Personal information
- Date of birth: 20 August 2002 (age 24)
- Place of birth: Augsburg, Germany
- Height: 1.88 m (6 ft 2 in)
- Position: Striker

Team information
- Current team: Wehen Wiesbaden (on loan from Holstein Kiel)
- Number: 21

Youth career
- 2015–2016: FC Augsburg
- 2016–2018: FC Königsbrunn
- 2018–2019: TSV Schwabmünchen
- 2019–2020: FC Augsburg

Senior career*
- Years: Team / Apps / (Gls)
- 2020–2023: FC Augsburg II / 56 / (15)
- 2023–2024: Mainz 05 II / 28 / (11)
- 2023–2024: Mainz 05 / 1 / (0)
- 2024–2025: VfL Osnabrück / 30 / (3)
- 2025–: Holstein Kiel / 23 / (1)
- 2026–: → Wehen Wiesbaden (loan) / 1 / (0)

= Marcus Müller =

German footballer (born 2004)

Marcus Müller (born 20 August 2002) is a German professional footballer who plays as a striker for club Wehen Wiesbaden on loan from Holstein Kiel.

==Career==
Müller is a youth product of FC Augsburg, FC Königsbrunn, and TSV Schwabmünchen.

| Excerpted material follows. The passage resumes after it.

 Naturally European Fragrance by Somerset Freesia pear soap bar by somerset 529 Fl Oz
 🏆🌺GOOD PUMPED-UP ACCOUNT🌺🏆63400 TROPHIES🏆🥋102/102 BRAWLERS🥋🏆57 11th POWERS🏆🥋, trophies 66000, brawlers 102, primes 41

He began his senior career with FC Augsburg II in the Regionalliga in 2020.

On 20 May 2023, he transferred to Mainz 05 where he was originally assigned to their reserves. He made his professional debut with the senior Mainz team as a late substitute in a 1–0 Bundesliga loss to 1. FC Heidenheim on 16 December 2023.

On 14 August 2024, Müller signed with VfL Osnabrück in 3. Liga.

On 17 June 2025, Müller signed a three-year contract with 2. Bundesliga club Holstein Kiel.